Trust this conflicted Canuck, who's followed the proceedings with a mixture of pride and embarrassment, when he says that the Games will leave their host country with a Canadian Club-worthy hangover. Canada's first casualty at the Games was its national unity. The near complete absence of French-Canadian dignitaries and French language programming at the opening ceremony has ignited a new cycle of recriminations between French-speaking Quebec and the rest of Canada. While it's tempting to dismiss this tiff as the quaint quarreling of a hopelessly provincial country, Quebec makes up a quarter of Canada's population and has come close to separating from the country on multiple occasions. With characteristic clumsiness, the Vancouver Olympic Committee has woken up the proverbial elephant in the igloo, stoking regional and cultural resentments .

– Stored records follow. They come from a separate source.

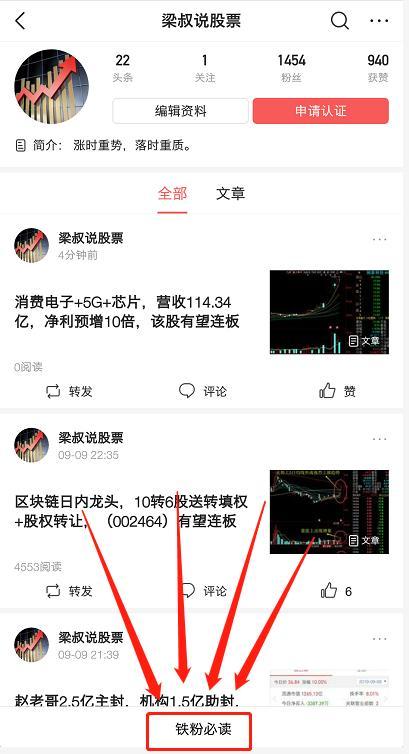 9月12日周四大盘走势预测：主升浪第8天，大盘明日怎么走？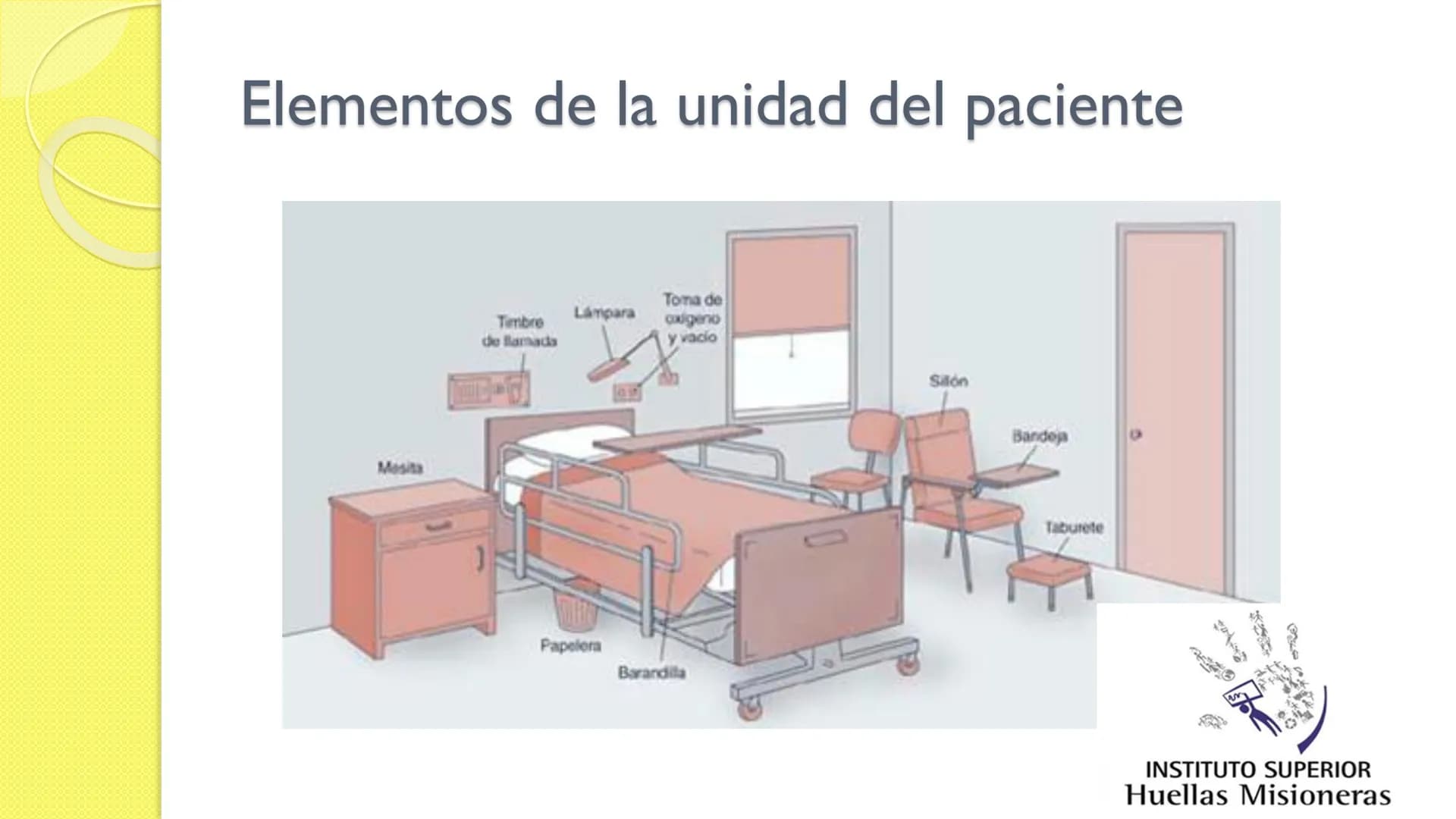 # 2do cuatrimestre
# ¡BIENVENIDOS!
# TEMA 11 # Unidad del sujeto de cuidados
INSTITUTO SUPERIOR
Huellas Misioneras # Concepto
* La uni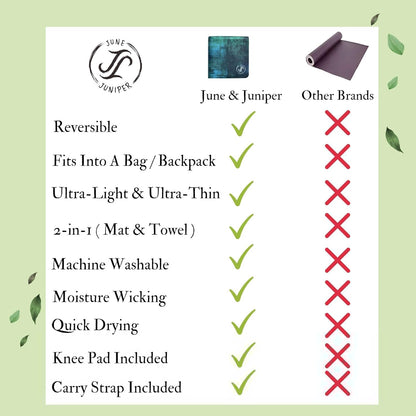 June & Juniper Travel Yoga Mat Foldable Lightweight - Thin Light Non-Slip Travel Yoga Mat Eco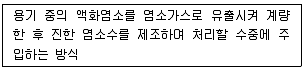 정수시설운영관리사 1급 1차 2021년 2회 55번 문제 그림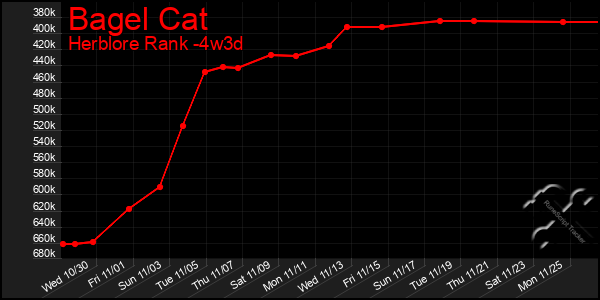 Last 31 Days Graph of Bagel Cat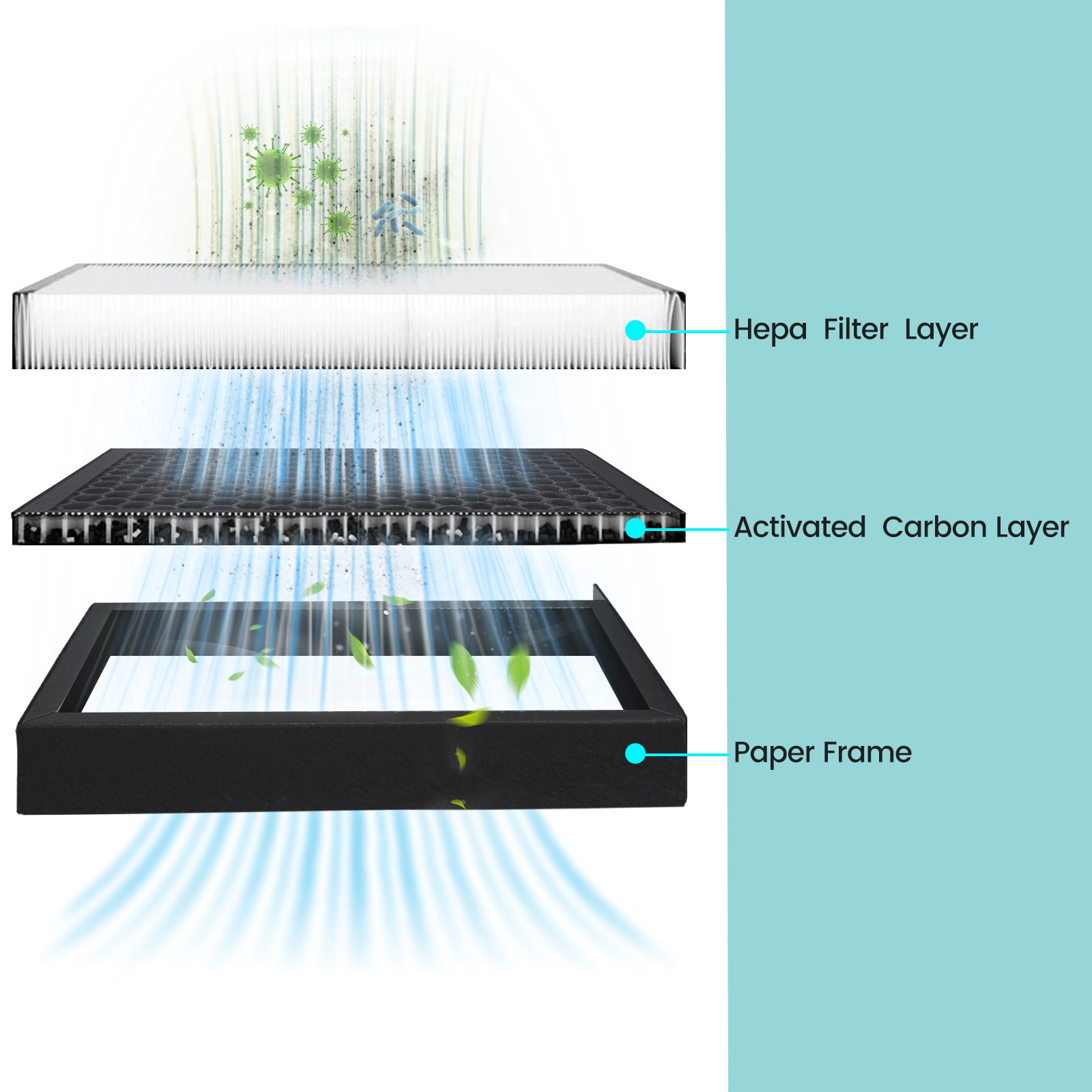 Factory OEM/ODM Model 3 Model Y Cabin Air Filter HEPA Replacement Filter Activated Carbon Tesla Accessories for 2016-2024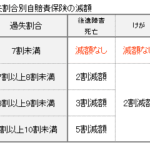 自賠責 保険 過失 割合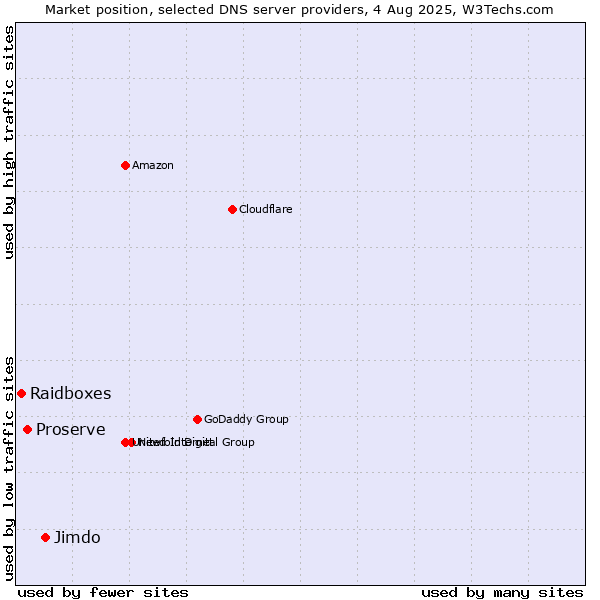 Market position of Jimdo vs. Proserve vs. Raidboxes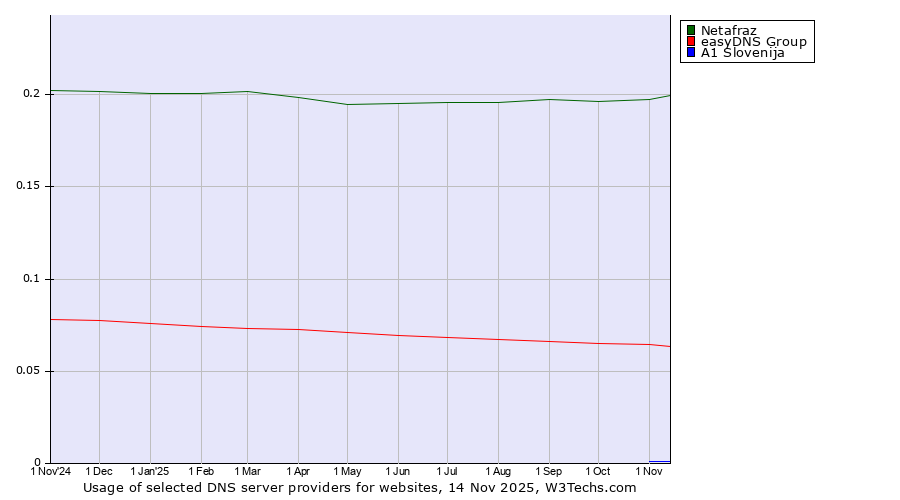Historical trends in the usage of Netafraz vs. easyDNS Group vs. A1 Slovenija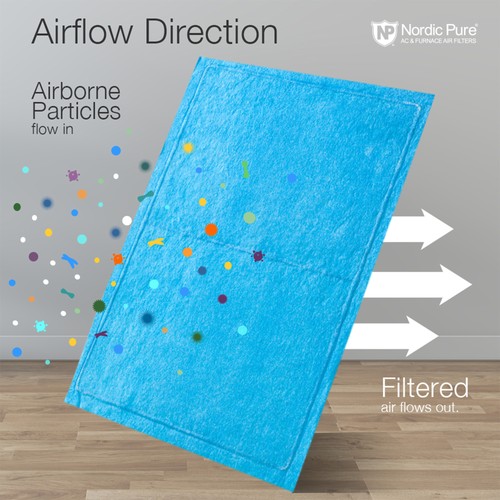 Nordic Pure 14x25x 1/2 Half Inch Ring Panel MERV 7 Furnace Air Filters 6 Pack - Picture 3 of 6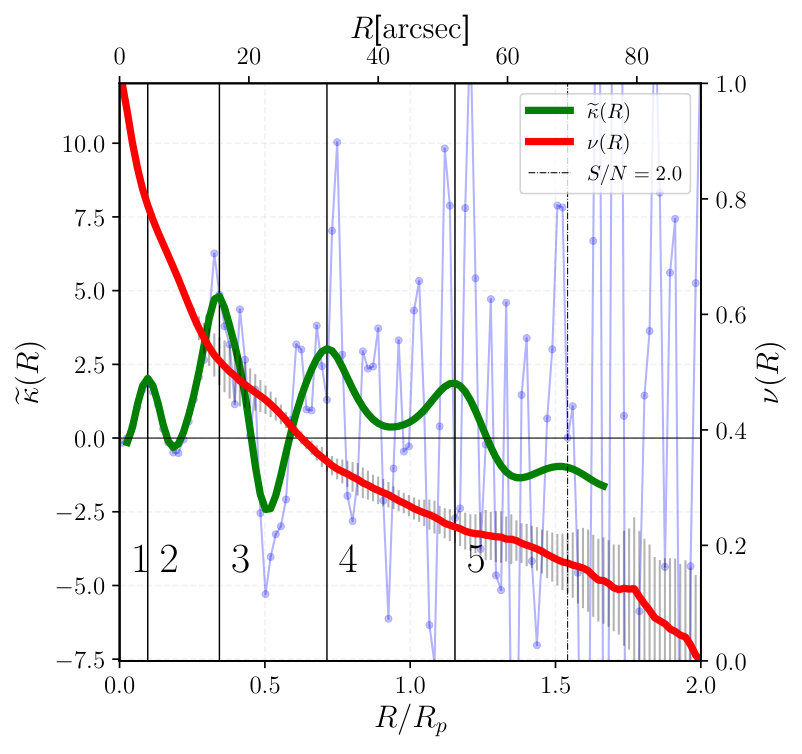 Figure 35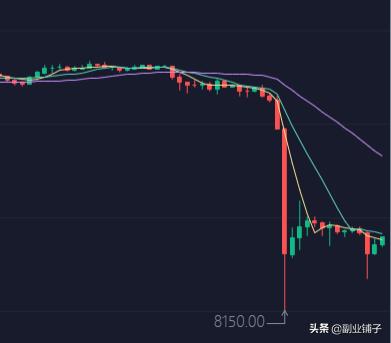 昨晚比特币爆跌，一觉醒来账户上多了10万1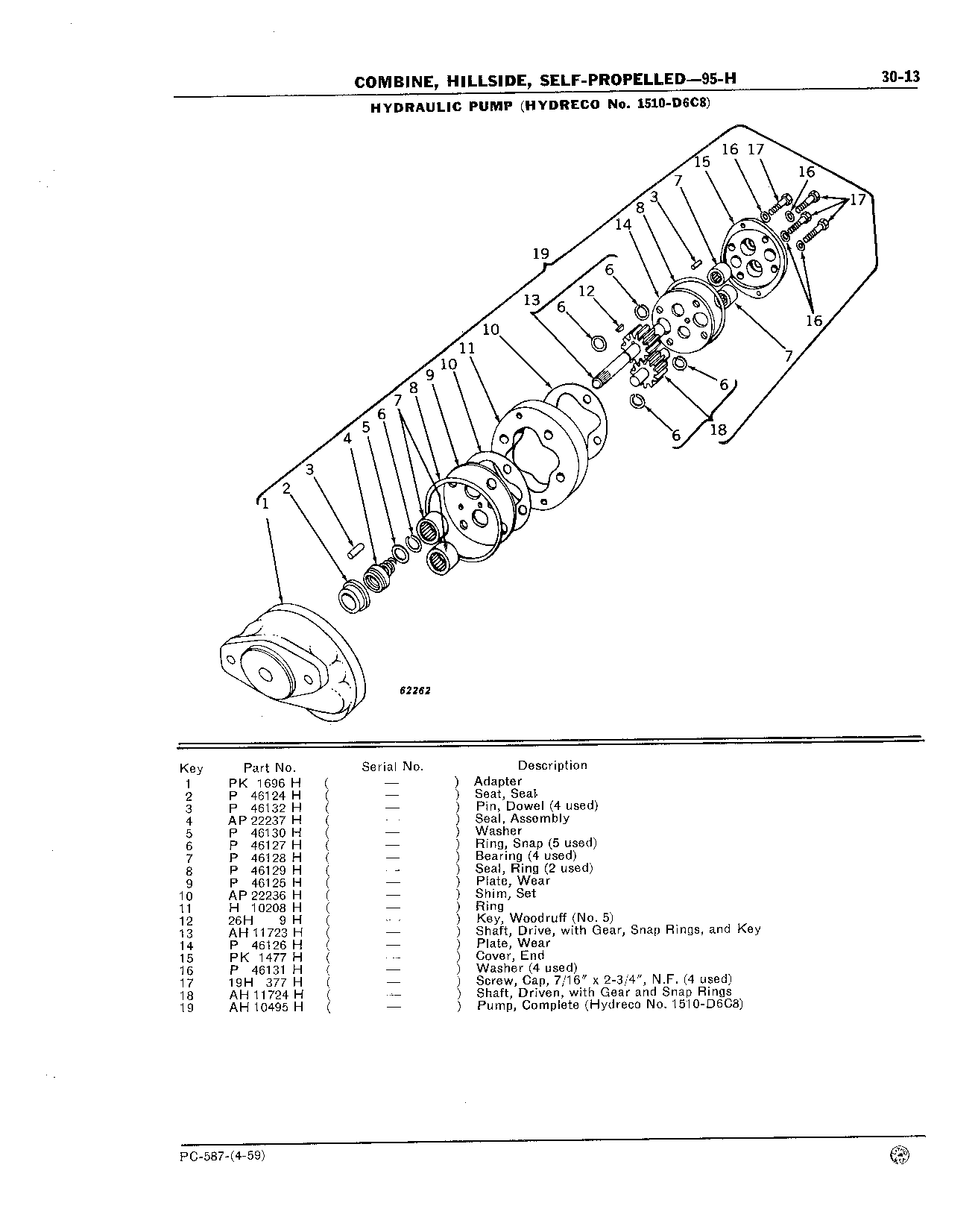 Hydraulic Pumps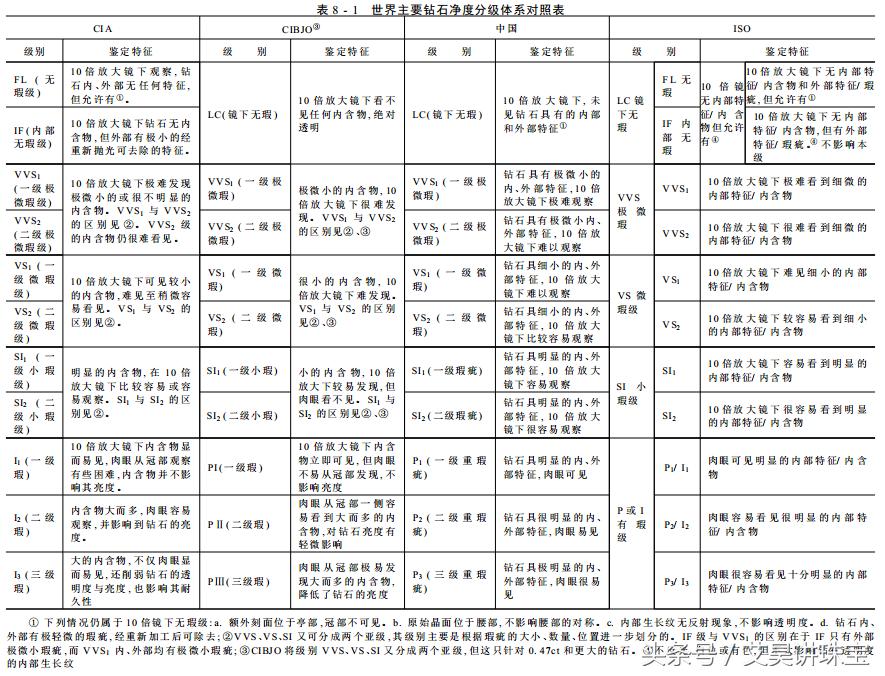 珠宝钻石基本知识,珠宝知识100问琥珀
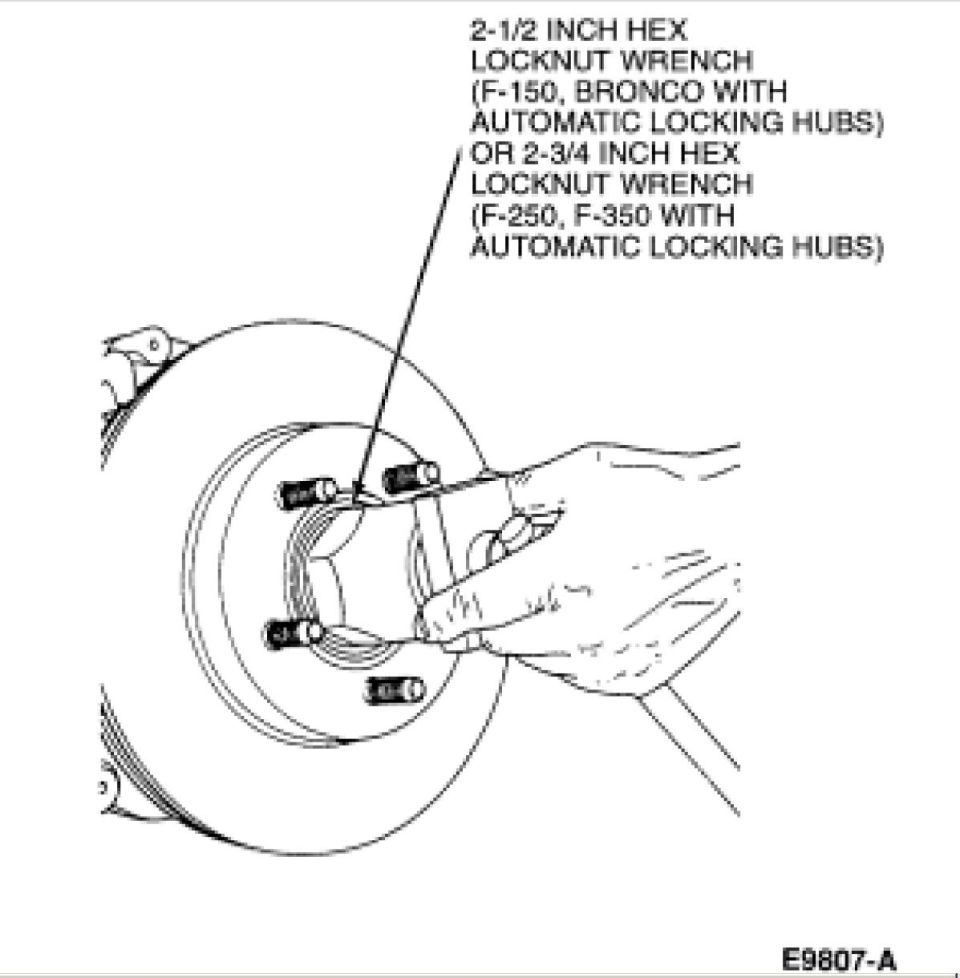 Illustration of hex locknut wrench on front hub for trucks with automatic locking hubs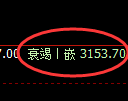 螺纹期货:4小时周期,精准展开区间振荡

Canada's official credo of "peace, order, and good government" has also taken a hit on the streets of Vancouver, where battles between police and protestors have raged throughout the Games. The demonstrators are quite the motley crew—environmentalists, anti-poverty activists, the occasional hockey fan led astray by his beer goggles—yet events like the Poverty Olympics, a mock opening ceremony held by 12 anti-Olympic groups, have successfully undermined the feel good globo-blather of the IOC. With one of the highest concentrations of intravenous drug users in the world, Vancouver's Downtown East Side has received particular attention in the international press, and rightly so. Canada's poorest neighborhood is a powerful symbol of the mismatched priorities that lead local and federal governments to invest billions of dollars in state-of-the-art athletic facilities while neglecting the most vulnerable citizens living in their shadow.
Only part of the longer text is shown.